WORK INSTRUCTIONS: Somewhere below are a line with "Dolphin Lovers Into" and a later line with "One Piece Canvas". Output exactly those lines and all lines between them.
◆ ◆ ◆ ◆ ◆
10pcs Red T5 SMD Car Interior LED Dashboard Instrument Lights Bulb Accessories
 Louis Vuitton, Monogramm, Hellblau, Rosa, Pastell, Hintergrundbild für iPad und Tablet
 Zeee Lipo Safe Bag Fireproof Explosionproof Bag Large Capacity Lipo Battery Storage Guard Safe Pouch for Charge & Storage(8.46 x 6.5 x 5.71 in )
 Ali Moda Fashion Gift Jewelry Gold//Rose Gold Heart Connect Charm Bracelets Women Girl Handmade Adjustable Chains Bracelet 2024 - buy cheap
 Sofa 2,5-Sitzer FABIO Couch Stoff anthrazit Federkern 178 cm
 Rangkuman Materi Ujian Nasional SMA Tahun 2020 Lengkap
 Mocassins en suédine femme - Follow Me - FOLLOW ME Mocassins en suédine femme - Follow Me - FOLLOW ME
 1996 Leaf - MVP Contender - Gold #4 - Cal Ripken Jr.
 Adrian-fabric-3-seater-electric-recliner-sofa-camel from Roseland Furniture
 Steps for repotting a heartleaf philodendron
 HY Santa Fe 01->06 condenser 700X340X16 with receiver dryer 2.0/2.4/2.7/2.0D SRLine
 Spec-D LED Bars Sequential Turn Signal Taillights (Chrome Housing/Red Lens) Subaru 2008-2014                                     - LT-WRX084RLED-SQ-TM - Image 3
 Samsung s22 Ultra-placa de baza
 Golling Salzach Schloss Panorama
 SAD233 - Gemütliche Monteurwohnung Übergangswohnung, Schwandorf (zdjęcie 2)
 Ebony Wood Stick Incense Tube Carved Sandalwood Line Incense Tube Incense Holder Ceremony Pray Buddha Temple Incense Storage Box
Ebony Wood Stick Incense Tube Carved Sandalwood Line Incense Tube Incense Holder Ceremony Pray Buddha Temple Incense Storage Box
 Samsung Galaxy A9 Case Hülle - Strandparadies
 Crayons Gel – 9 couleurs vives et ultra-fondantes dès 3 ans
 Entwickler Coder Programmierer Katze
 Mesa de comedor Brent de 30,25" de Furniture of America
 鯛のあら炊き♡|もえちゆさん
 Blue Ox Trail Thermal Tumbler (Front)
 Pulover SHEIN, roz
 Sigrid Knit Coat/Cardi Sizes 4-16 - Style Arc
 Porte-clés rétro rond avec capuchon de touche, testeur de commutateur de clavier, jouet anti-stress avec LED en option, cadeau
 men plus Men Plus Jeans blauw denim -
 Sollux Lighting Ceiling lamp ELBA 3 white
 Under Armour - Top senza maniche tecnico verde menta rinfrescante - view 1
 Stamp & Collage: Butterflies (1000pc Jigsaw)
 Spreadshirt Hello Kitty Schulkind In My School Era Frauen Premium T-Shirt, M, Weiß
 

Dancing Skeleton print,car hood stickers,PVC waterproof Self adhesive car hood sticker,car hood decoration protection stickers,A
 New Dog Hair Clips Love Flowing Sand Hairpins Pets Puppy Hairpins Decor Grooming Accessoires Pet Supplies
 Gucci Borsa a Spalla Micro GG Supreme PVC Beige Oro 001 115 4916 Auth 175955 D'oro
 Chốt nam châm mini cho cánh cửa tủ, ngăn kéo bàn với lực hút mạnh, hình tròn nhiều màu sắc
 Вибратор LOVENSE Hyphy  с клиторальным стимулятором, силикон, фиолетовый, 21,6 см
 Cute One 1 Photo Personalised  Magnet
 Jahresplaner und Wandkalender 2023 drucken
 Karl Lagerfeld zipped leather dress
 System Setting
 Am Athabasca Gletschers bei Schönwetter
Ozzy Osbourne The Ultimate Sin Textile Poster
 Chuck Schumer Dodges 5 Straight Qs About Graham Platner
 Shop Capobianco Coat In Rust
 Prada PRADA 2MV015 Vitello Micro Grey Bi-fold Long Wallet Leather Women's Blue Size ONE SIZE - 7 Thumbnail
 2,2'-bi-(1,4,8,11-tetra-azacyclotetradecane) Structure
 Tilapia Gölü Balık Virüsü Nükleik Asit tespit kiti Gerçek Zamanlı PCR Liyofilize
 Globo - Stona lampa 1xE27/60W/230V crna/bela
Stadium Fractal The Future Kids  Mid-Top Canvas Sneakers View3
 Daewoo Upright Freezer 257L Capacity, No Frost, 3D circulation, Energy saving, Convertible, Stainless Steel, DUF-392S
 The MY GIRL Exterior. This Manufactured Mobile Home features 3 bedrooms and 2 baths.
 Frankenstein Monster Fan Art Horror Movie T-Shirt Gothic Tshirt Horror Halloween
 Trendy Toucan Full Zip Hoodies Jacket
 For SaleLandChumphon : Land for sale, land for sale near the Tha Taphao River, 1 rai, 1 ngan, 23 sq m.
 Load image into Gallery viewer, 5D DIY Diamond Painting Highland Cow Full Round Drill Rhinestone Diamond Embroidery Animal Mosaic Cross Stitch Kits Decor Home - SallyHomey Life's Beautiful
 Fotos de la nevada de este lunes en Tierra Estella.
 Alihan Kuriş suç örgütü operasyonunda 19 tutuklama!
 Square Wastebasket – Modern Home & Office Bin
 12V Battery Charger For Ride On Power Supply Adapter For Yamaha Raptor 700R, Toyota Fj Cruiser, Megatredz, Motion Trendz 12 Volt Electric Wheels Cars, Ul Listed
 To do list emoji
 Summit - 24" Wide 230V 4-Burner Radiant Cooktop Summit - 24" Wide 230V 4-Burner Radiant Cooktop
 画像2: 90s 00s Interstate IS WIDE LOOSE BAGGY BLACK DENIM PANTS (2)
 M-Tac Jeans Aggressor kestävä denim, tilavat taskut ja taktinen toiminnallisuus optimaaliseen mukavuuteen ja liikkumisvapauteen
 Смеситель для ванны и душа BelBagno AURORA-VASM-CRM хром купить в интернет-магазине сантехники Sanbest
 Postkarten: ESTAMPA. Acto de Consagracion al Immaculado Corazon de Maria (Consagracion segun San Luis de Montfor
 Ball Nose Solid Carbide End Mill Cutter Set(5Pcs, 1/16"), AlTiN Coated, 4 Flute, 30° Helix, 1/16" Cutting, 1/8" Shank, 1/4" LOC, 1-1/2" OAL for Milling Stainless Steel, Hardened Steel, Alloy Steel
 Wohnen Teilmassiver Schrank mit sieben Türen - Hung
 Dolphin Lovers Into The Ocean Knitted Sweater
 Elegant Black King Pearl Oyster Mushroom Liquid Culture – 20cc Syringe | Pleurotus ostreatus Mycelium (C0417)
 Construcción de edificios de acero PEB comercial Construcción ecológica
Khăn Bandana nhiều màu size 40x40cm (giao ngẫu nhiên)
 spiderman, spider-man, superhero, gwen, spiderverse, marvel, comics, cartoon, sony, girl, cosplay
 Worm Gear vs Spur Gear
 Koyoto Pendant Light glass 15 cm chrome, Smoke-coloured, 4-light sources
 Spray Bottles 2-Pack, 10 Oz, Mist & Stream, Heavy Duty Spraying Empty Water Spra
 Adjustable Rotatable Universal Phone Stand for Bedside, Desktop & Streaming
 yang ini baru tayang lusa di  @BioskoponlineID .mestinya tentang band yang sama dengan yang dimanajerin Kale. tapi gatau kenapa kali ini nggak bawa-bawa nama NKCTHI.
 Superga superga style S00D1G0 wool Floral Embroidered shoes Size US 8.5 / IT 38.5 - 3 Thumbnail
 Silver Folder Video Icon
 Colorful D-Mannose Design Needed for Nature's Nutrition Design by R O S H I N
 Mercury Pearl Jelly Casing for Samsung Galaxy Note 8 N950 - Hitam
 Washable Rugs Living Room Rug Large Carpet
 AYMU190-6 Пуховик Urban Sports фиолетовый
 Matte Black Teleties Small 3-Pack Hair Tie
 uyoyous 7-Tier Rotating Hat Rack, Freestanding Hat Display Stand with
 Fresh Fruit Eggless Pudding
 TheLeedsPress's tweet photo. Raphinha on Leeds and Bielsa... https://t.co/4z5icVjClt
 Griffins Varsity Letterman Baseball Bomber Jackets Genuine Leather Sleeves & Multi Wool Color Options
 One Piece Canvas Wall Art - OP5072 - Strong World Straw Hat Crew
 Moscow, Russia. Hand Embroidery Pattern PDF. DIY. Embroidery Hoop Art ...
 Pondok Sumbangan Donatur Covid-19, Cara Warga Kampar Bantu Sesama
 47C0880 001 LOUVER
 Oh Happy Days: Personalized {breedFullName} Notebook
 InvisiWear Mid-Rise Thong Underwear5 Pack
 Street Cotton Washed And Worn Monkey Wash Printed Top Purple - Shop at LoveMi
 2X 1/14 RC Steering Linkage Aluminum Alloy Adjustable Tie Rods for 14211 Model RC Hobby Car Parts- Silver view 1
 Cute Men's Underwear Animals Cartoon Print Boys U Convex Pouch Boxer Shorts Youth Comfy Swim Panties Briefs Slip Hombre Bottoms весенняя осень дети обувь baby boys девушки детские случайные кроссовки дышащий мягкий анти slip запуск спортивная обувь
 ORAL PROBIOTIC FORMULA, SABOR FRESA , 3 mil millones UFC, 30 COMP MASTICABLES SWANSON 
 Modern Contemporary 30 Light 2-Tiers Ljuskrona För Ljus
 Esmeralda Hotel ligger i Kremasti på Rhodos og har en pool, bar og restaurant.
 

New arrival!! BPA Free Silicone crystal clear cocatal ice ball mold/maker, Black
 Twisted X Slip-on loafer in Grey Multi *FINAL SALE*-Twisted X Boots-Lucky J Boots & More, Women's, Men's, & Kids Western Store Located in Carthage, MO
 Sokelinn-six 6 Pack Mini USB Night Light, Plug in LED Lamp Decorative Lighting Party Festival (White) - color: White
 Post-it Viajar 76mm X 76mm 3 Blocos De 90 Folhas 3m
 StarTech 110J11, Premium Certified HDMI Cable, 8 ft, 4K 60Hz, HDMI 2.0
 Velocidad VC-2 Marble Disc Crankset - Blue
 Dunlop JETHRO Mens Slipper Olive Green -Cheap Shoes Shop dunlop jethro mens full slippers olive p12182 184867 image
◆ ◆ ◆ ◆ ◆
WRITTEN SOLUTION:
 Dolphin Lovers Into The Ocean Knitted Sweater
 Elegant Black King Pearl Oyster Mushroom Liquid Culture – 20cc Syringe | Pleurotus ostreatus Mycelium (C0417)
 Construcción de edificios de acero PEB comercial Construcción ecológica
Khăn Bandana nhiều màu size 40x40cm (giao ngẫu nhiên)
 spiderman, spider-man, superhero, gwen, spiderverse, marvel, comics, cartoon, sony, girl, cosplay
 Worm Gear vs Spur Gear
 Koyoto Pendant Light glass 15 cm chrome, Smoke-coloured, 4-light sources
 Spray Bottles 2-Pack, 10 Oz, Mist & Stream, Heavy Duty Spraying Empty Water Spra
 Adjustable Rotatable Universal Phone Stand for Bedside, Desktop & Streaming
 yang ini baru tayang lusa di  @BioskoponlineID .mestinya tentang band yang sama dengan yang dimanajerin Kale. tapi gatau kenapa kali ini nggak bawa-bawa nama NKCTHI.
 Superga superga style S00D1G0 wool Floral Embroidered shoes Size US 8.5 / IT 38.5 - 3 Thumbnail
 Silver Folder Video Icon
 Colorful D-Mannose Design Needed for Nature's Nutrition Design by R O S H I N
 Mercury Pearl Jelly Casing for Samsung Galaxy Note 8 N950 - Hitam
 Washable Rugs Living Room Rug Large Carpet
 AYMU190-6 Пуховик Urban Sports фиолетовый
 Matte Black Teleties Small 3-Pack Hair Tie
 uyoyous 7-Tier Rotating Hat Rack, Freestanding Hat Display Stand with
 Fresh Fruit Eggless Pudding
 TheLeedsPress's tweet photo. Raphinha on Leeds and Bielsa... https://t.co/4z5icVjClt
 Griffins Varsity Letterman Baseball Bomber Jackets Genuine Leather Sleeves & Multi Wool Color Options
 One Piece Canvas Wall Art - OP5072 - Strong World Straw Hat Crew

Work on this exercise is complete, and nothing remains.